I become very curios about it as I have recently read how wedding videos are a growth market here with professionally produced videos retelling episodes from the couple’s romance by re-enacting scenes, often mixing some of the real people with extras hired to make up the scenes. The video tonight however was a more homemade affair but no less interesting to the outside observer for that.
From what I could make out, the wedding was a traditional Chinese one with many different rituals needing to be performed: walking over a fire, carrying the bride, archery and of course speeches. What I found curious was the absence of a priest. There was a master of ceremonies who kept it moving along but no priest invested with the authority of God or official with the authority of the state as far as I could make out.
The video lasted about 40 minutes, during which food arrived, drinks flowed and special wedding cigarettes were smoked. The screening over and the film talked over in detail, the party geared up with a three piece band doing blues covers striking up. I found the jet lag creeping up upon me however and with eyes struggling to stay open it was time to bid the couple farewell and make my way back to the apartment.
I believe I was the only non-chinese person at the reception other than the groom himself. He quickly recognised me as the other laowai and remarked up this. This term laowai is kind of interesting as it is the Chinese word for foreigner and it seems to be quite often used with ambiguous intent. There is a simple introduction to it here http://en.wikipedia.org/wiki/Laowai
As a visitor this is one of my labels, Westerner a slightly more specific other and British a further still. I suspect that most of the time I fall into the first two categories the final elaboration being somewhat a detail.
Turkish Airlines conducted me safely to Beijing which after the Air France / KLM runaround made me feel quite grateful for basic efficiency and courtesy. My travelling companion seated beside me was a private security contractor on his way to Iraq. When he described the work he was stepping back into (along with about 10 other large British men in their 30s also on this flight) it made me feel very grateful that I was heading to a peaceful place to pursue work I enjoyed. It is easy to take things for granted and get wound up by the Lindas of this world, missing the bigger picture.
Jimmy was quite a lot more cultured and worldly wise than I had imagined ex-army Afghan vets to be and I was glad to have these expectations of mine broken. He understood the thrust of The Customer Is Always Wrong when I described it to him and related it to his world of working with Americans and Iraqis.
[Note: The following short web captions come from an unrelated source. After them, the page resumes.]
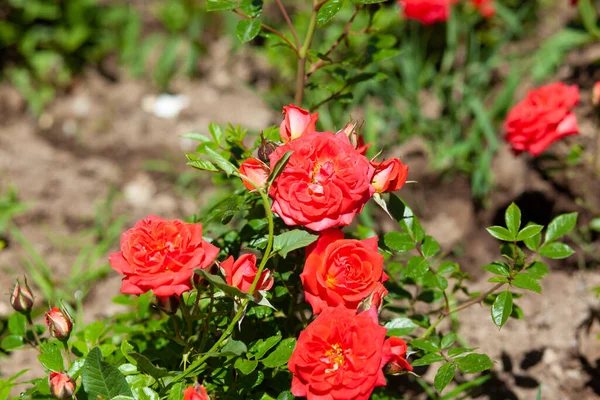 Rosa Oder Rote Rosen Garten Hintergrund — Stockfoto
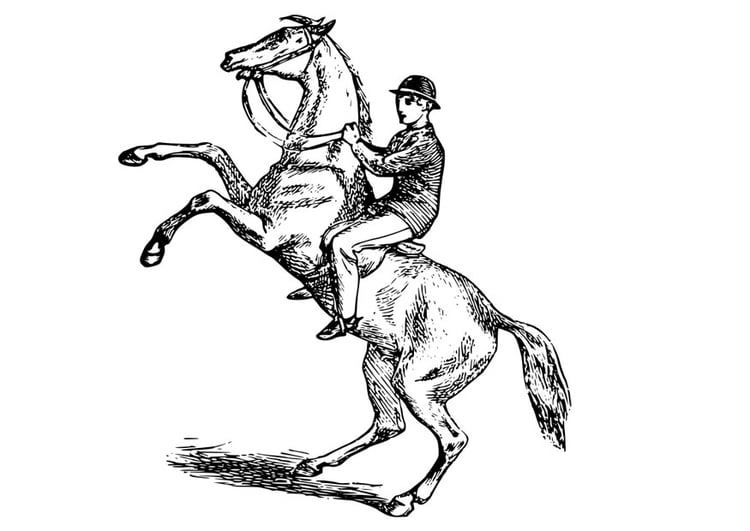Dibujo para colorear hombre sobre caballo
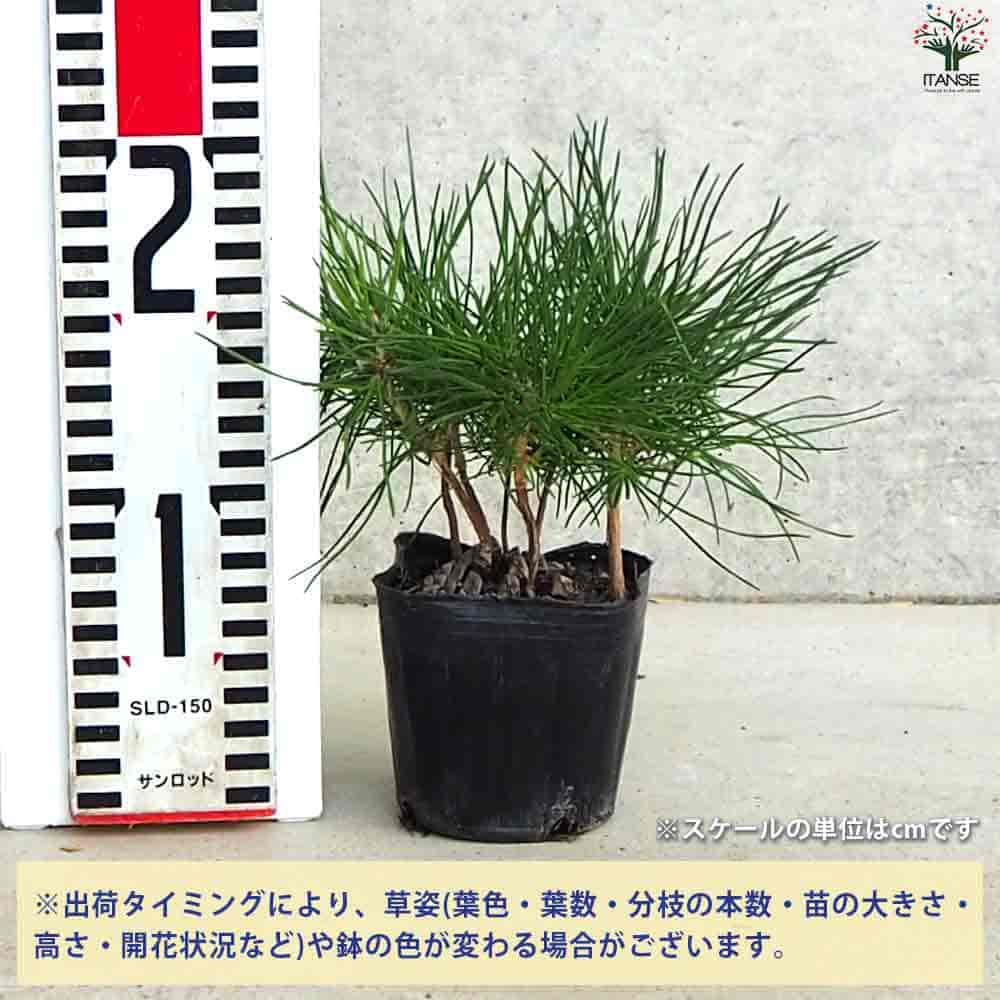 �ڥݥ����UP���ޥ饽����֡ۤܤä��꾾 �ߺ� ������ �Ѿ��� ���� �ߥ˥����� ����ѥ��� ���� ���ե��� ����̵�� ¨Ǽ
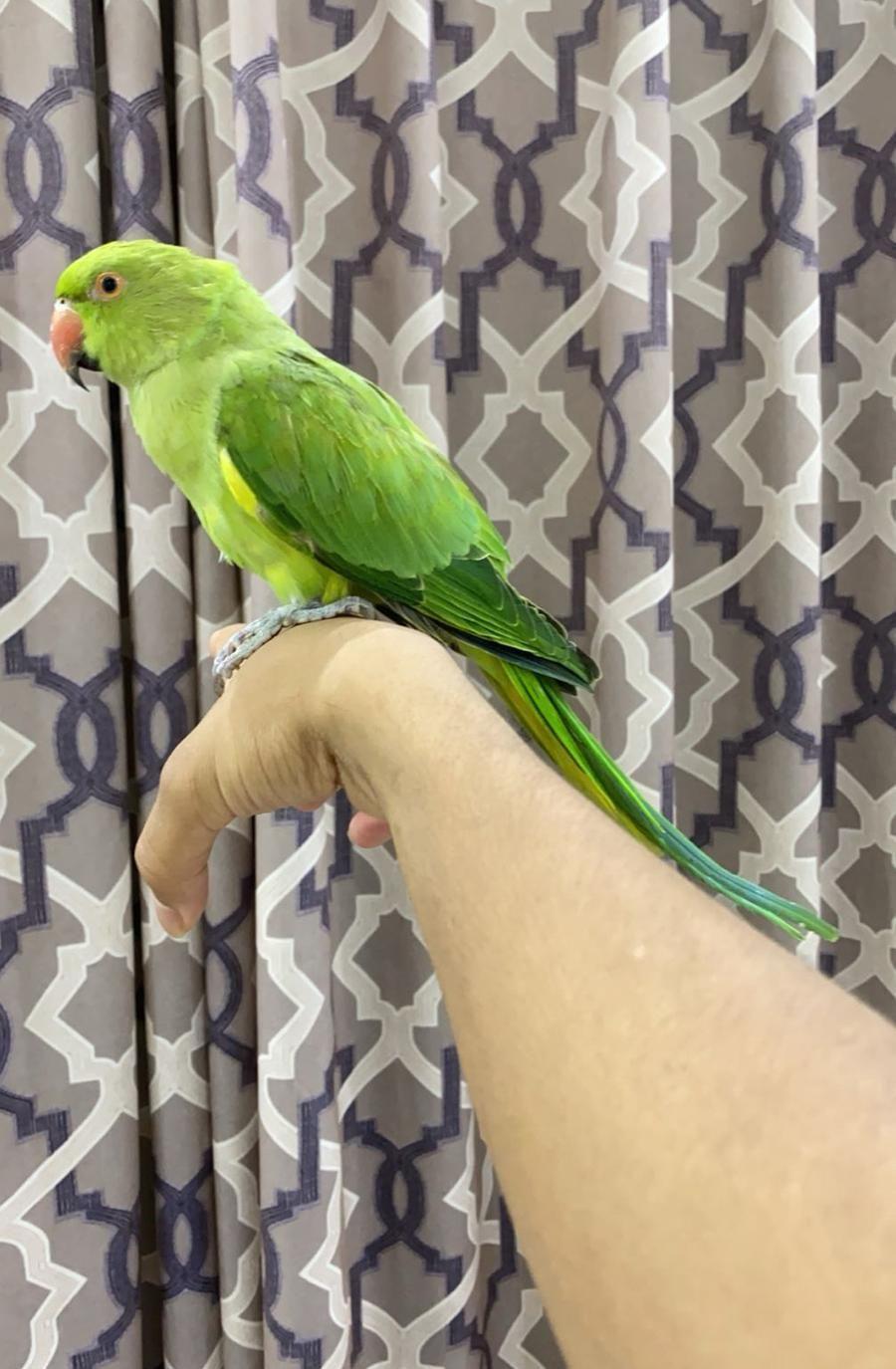 زوج دره كفو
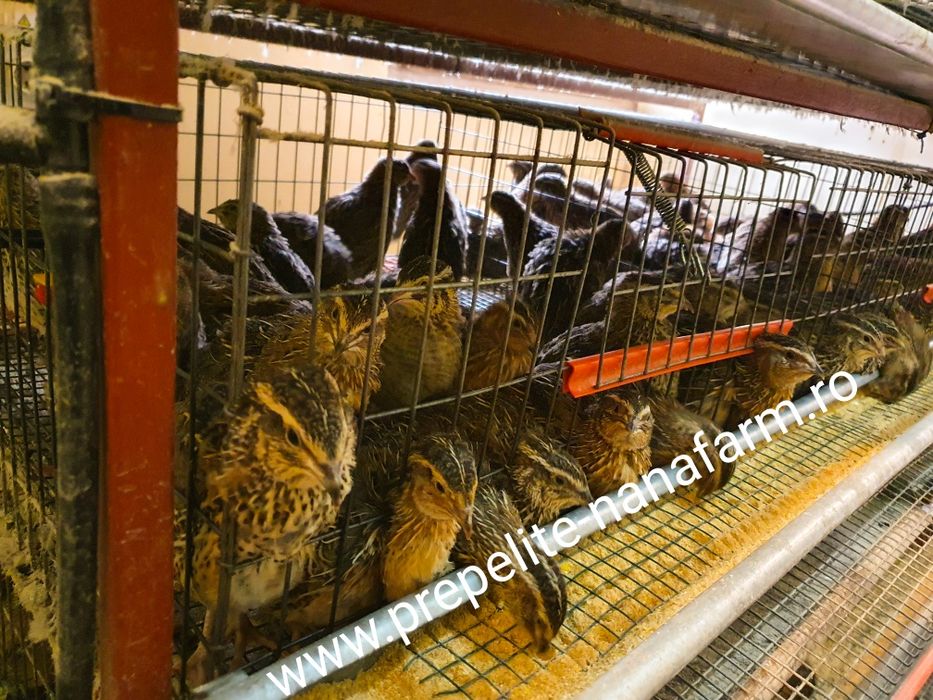 Oua de prepelite pt incubat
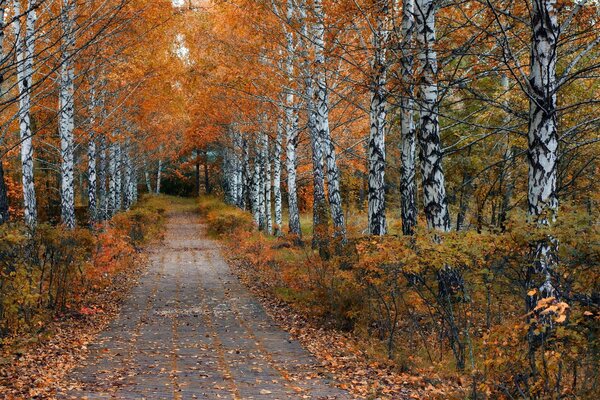 La strada attraverso il parco autunnale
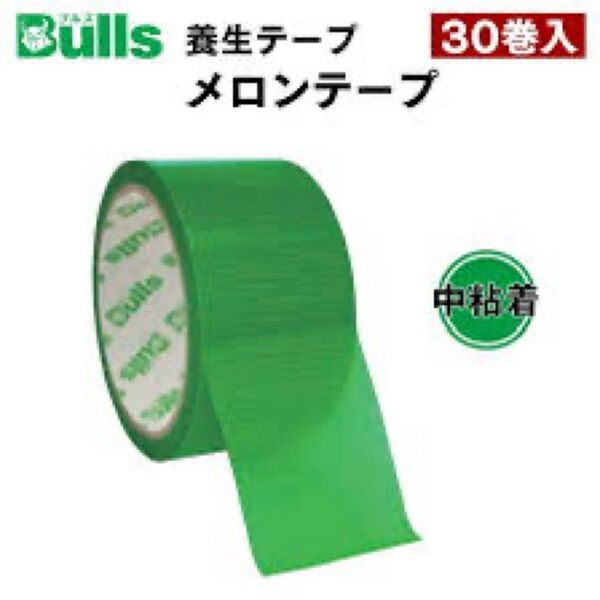 Bulls ブルズ 養生テープメロンテープ 中粘着 PEクロス 幅48mm×長さ25m 緑 グリーン 30個入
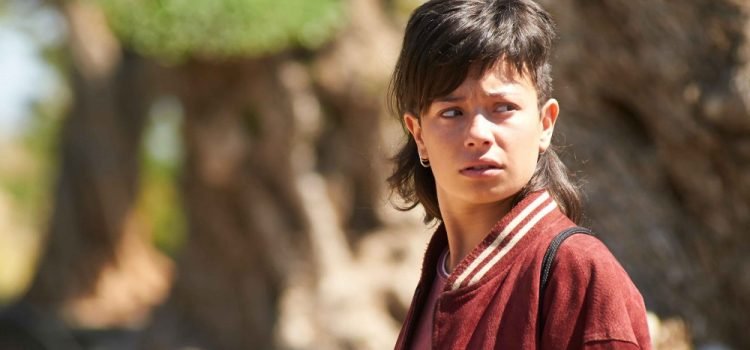 The Olive Tree Home Entertainment Release Details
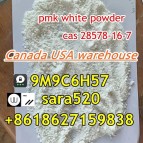 Canada USA Warehouse PMK Powder CAS 28578-16-7 Safe Delivery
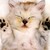 :iconwendywei2012:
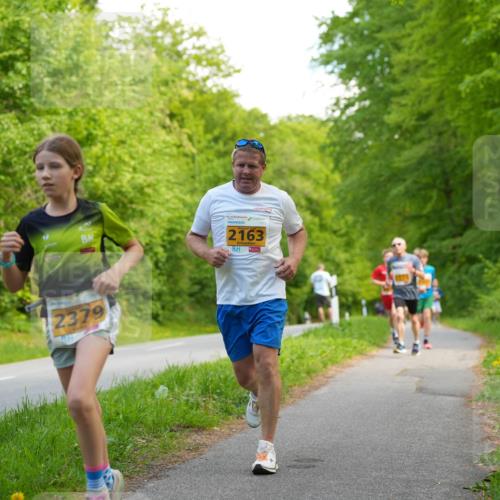 09.05.2026 - Störlauf LAZAROV Photography http://msf.ph/oto/9722772 09.05.2026 15:20:42 Laufen 2163, 2379 meine-sportfotos.de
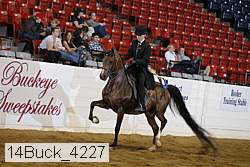 14buck_4227 thumbnail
Where it became interesting was when he said how the British forces tended to be far more cynical about the operation than the American forces and this made me wonder which was the better and which the worse: to fight in bad faith or to pursue folly wholeheartedly?
Perhaps the issue is to what extent is the famed British sense of irony simply a defensive mechanism that does little to change ones course of action but rather is something that protects one from the results of actions, whether they be positive or negative.
I read this morning that the British are among the most pessimistic people in the world today, topped by only the Italians and Belgians. Unfortunately reading further it became clear that the idea of pessimism was one restricted to economics: pessimistic about making purchases or about job security. This made me wonder if there could be a wider index of pessimism, of half empty/ half full thinking on a broader level. I shall have to look into Chinese pessimism to see what sort of shape it takes. In the economic survey the Chinese came out pretty positively though they were topped by the Brazilians, but do those statistics say anything about a wider frame of mind? This is something I shall be interested to look into.